IF THE TALE HAD ENDED THERE, the potential discovery of Günther's body might not have attracted attention outside Messner's immediate circle. But the Messner saga on Nanga Parbat has always been much more than a survival story. It's also an enduring mystery, and the seed of a bitter conflict between Messner and several of his teammates on the 18-person German/Austrian expedition that had traveled to Pakistan to scale the mountain.

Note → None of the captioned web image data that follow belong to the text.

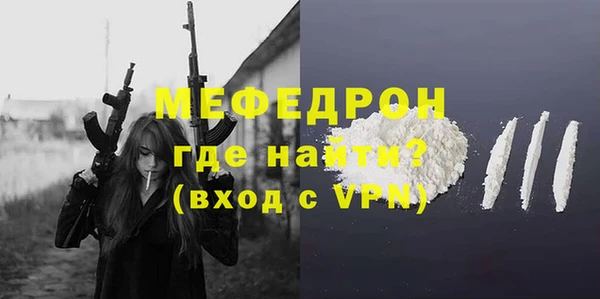 шишки Дмитровск
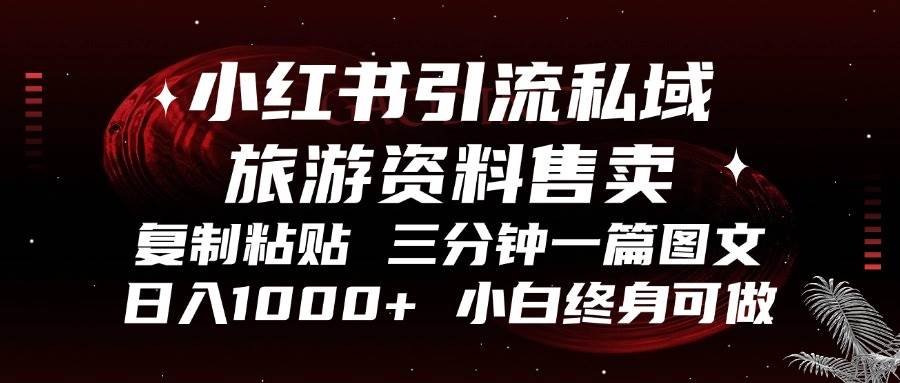 小红书引流私域旅游资料售卖，复制粘贴，三分钟一篇图文，日入1000+，…插图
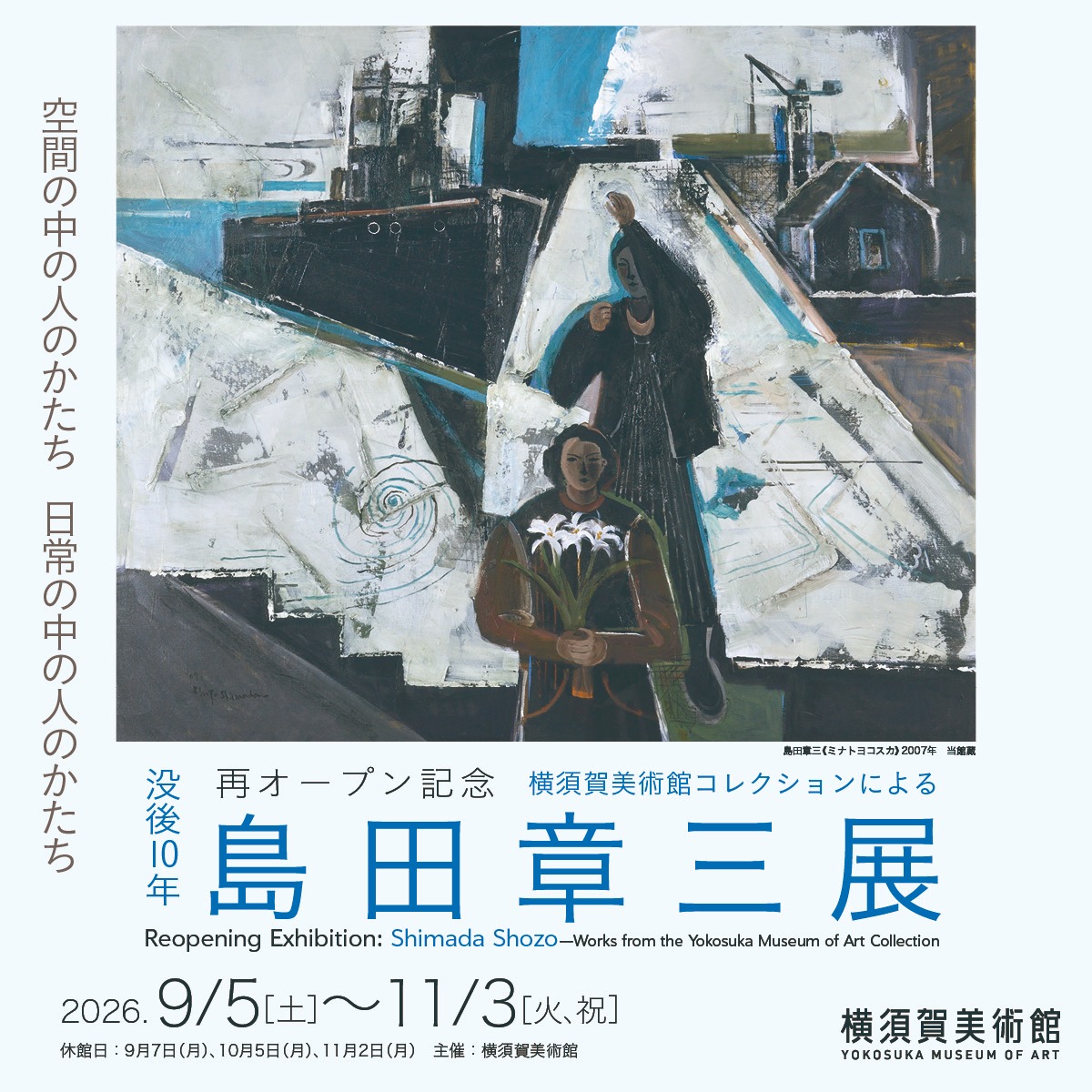 鑑賞会「あの手・この手で知る　横須賀美術館の“推し作品」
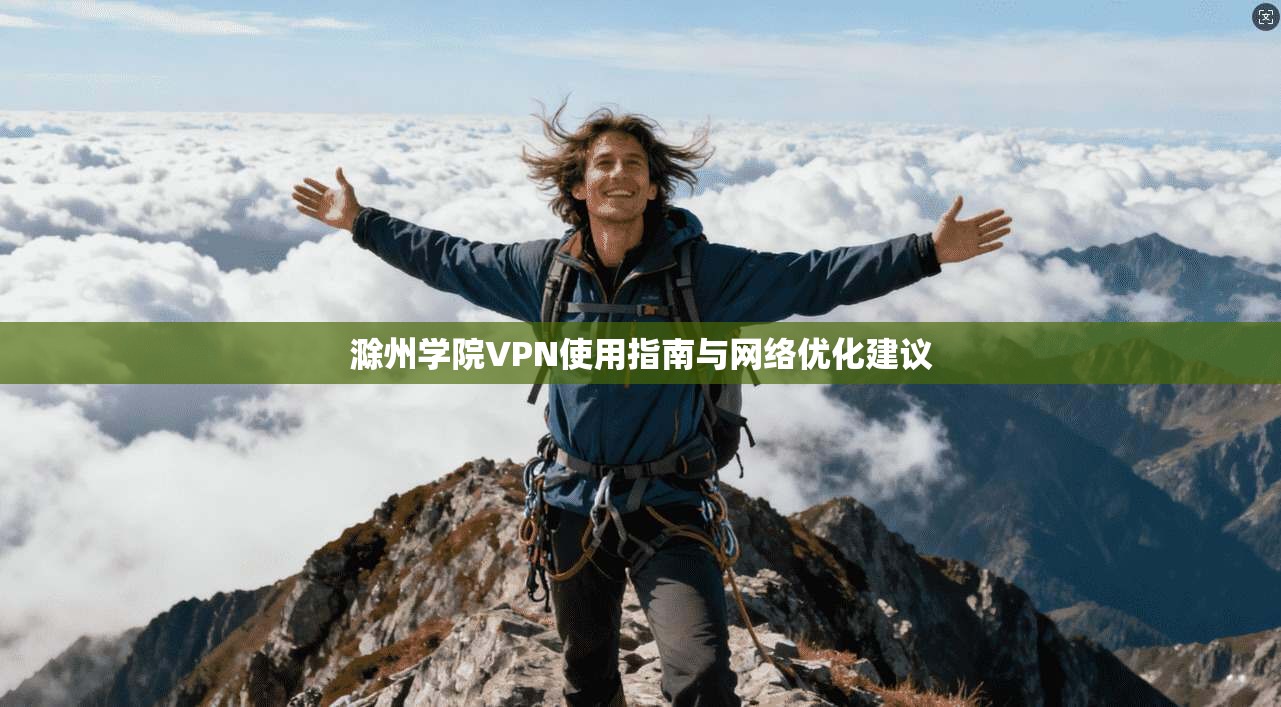 滁州学院VPN使用指南与网络优化建议  第1张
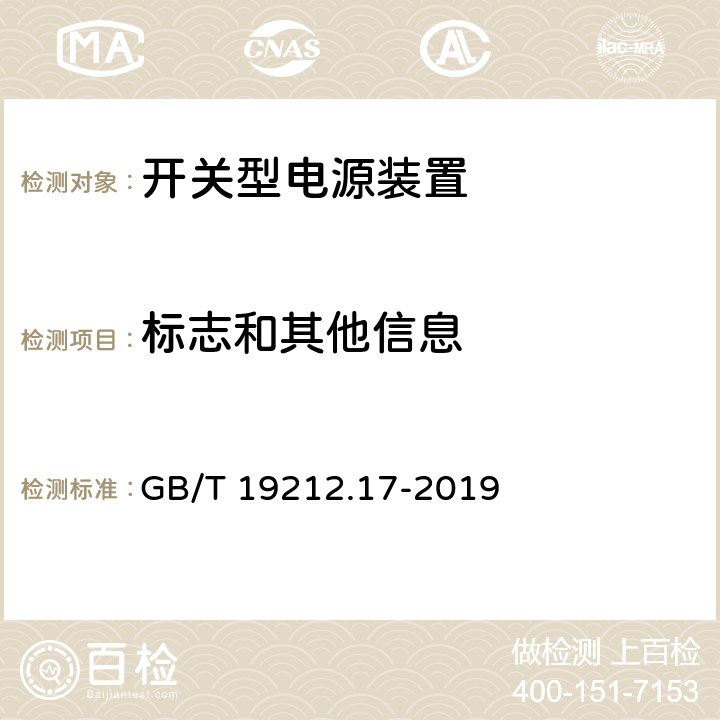 标志和其他信息 电源电压为1100V及以下的变压器、电抗器、电源装置和类似产品的安全 第2-16部分:开关型电源装置和开关型电源装置用变压器的特殊要求和试验 GB/T 19212.17-2019 8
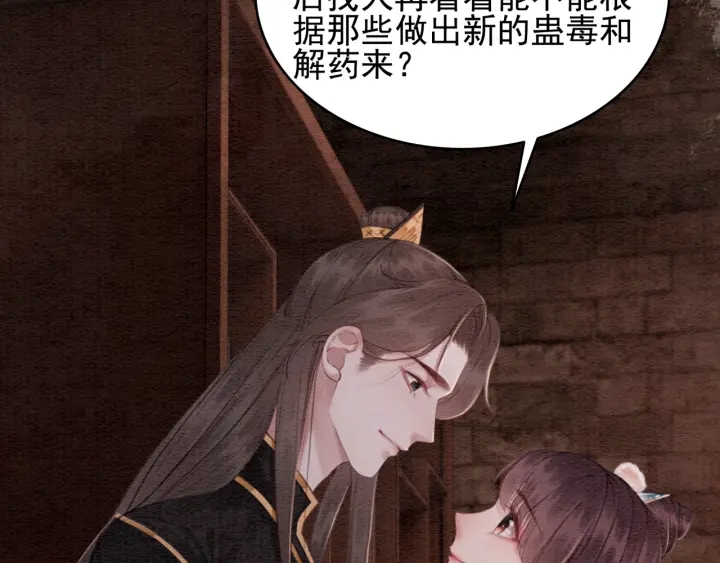 第203话 所谓的喜欢75
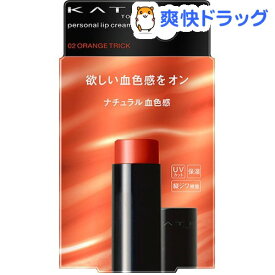 楽天市場 ケイト リップの通販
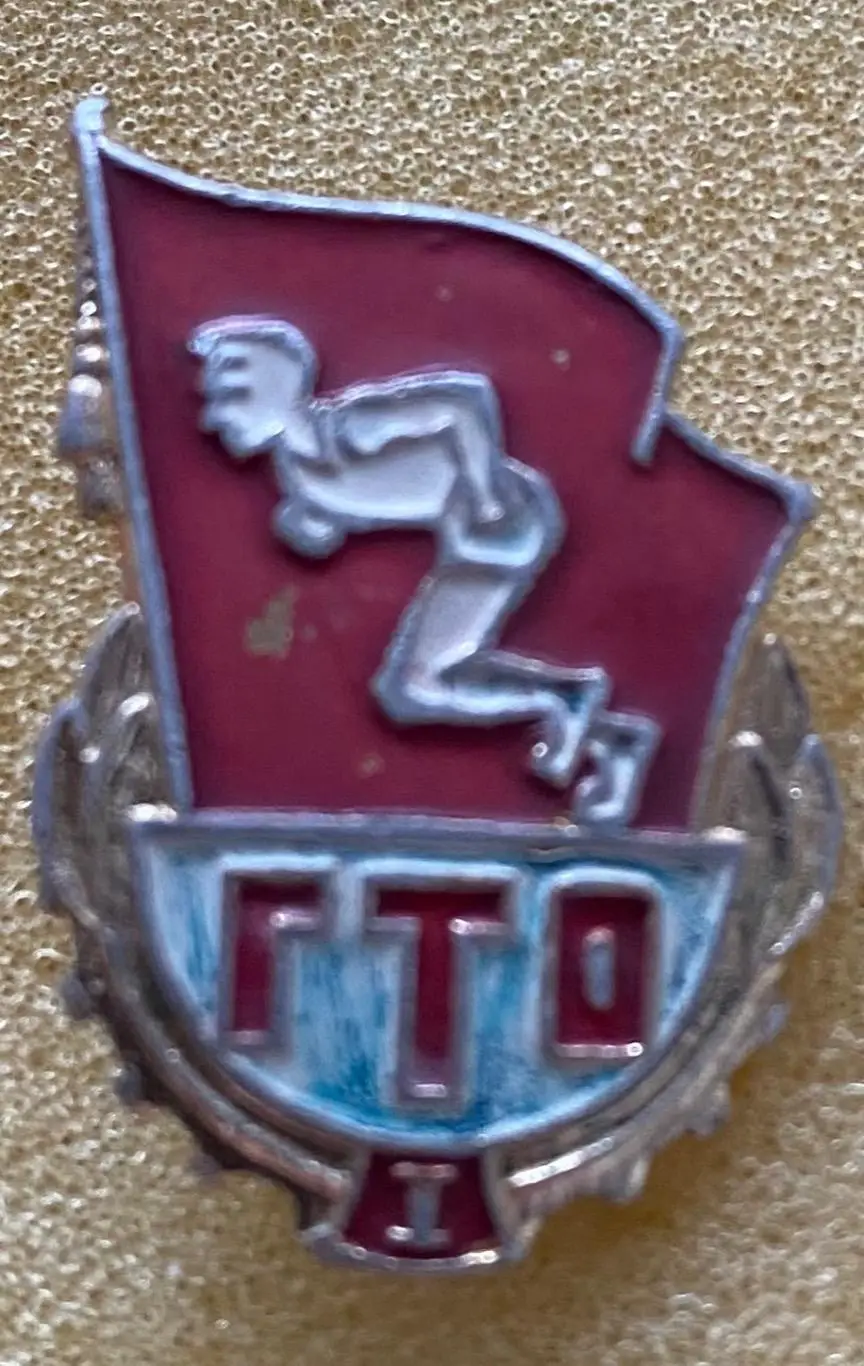 Значок . ГПО.т.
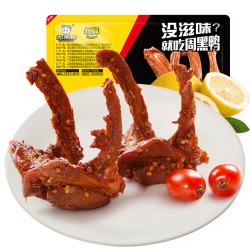 zhouheiya周黑鸭拍5件锁鲜荤素卤味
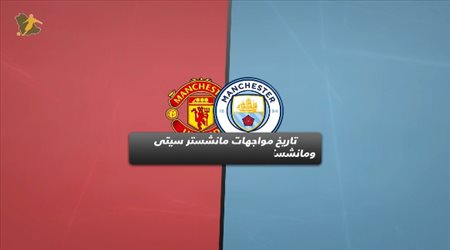 فيديو جرافيك.. تاريخ مواجهات مانشستر سيتي ويونايتد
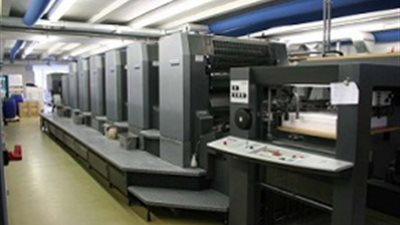 عمومية « الشروق للطباعة» تناقش توزيعات الأرباح.. 24 مايو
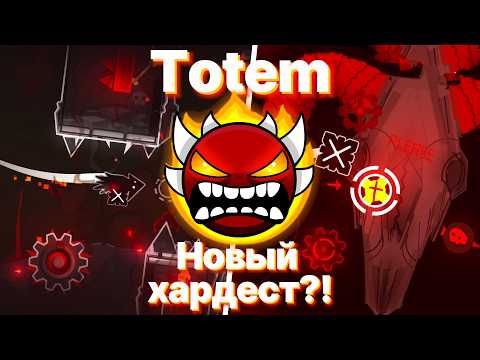Видео: Я ПРОШЕЛ НОВЫЙ ХАРДЕСТ?!?! (Прохождение Totem!) ► Geometry Dash 2.2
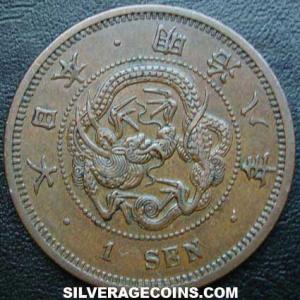 Yr. 8 (1875) Mutsuhito (Meiji) Japanese Bronze Sen (Obverse)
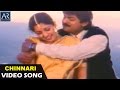 Sankalpam Movie Songs Chinnari Manasuku Video Song Jagapati Babu Gowtami Jayasudha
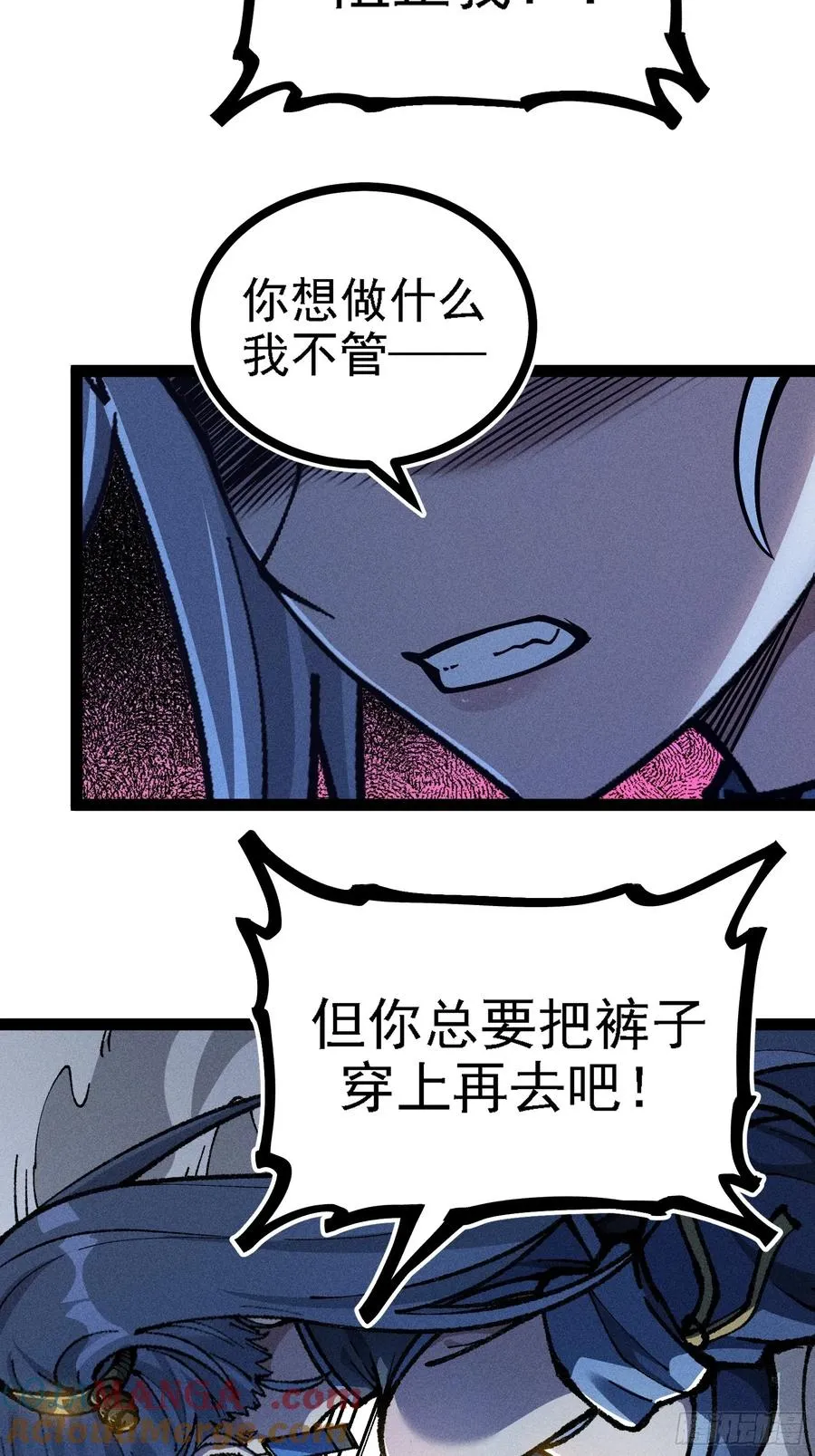 封印解除！ 第43页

Within months of the trip's end, tensions between Messner and expedition leader Karl Maria Herrligkoffer, fed by their conflicting versions of what had really happened to Günther, erupted into a series of lawsuits. Messner accused Herrligkoffer of manslaughter and "neglected aid" in his brother's death, and Herrligkoffer accused Messner of libel. The suits' outcomes didn't resolve the underlying acrimony, and, after a period of surface calm, the fracas restarted in 2001 when Messner harshly criticized his former teammates in public, saying they hadn't bothered to search for the missing brothers and, in effect, had failed to render assistance during an emergency. For a mountaineer, whose loyalty to his comrades is supposed to be paramount, it was the worst insult imaginable.

In subsequent months, Messner advanced his attack both in the German media and in The Naked Mountain, his 2002 book about Nanga Parbat, in which he employs a dreamy, semi-hallucinatory style to describe his bewilderment and anguish when his teammates did not come to the rescue.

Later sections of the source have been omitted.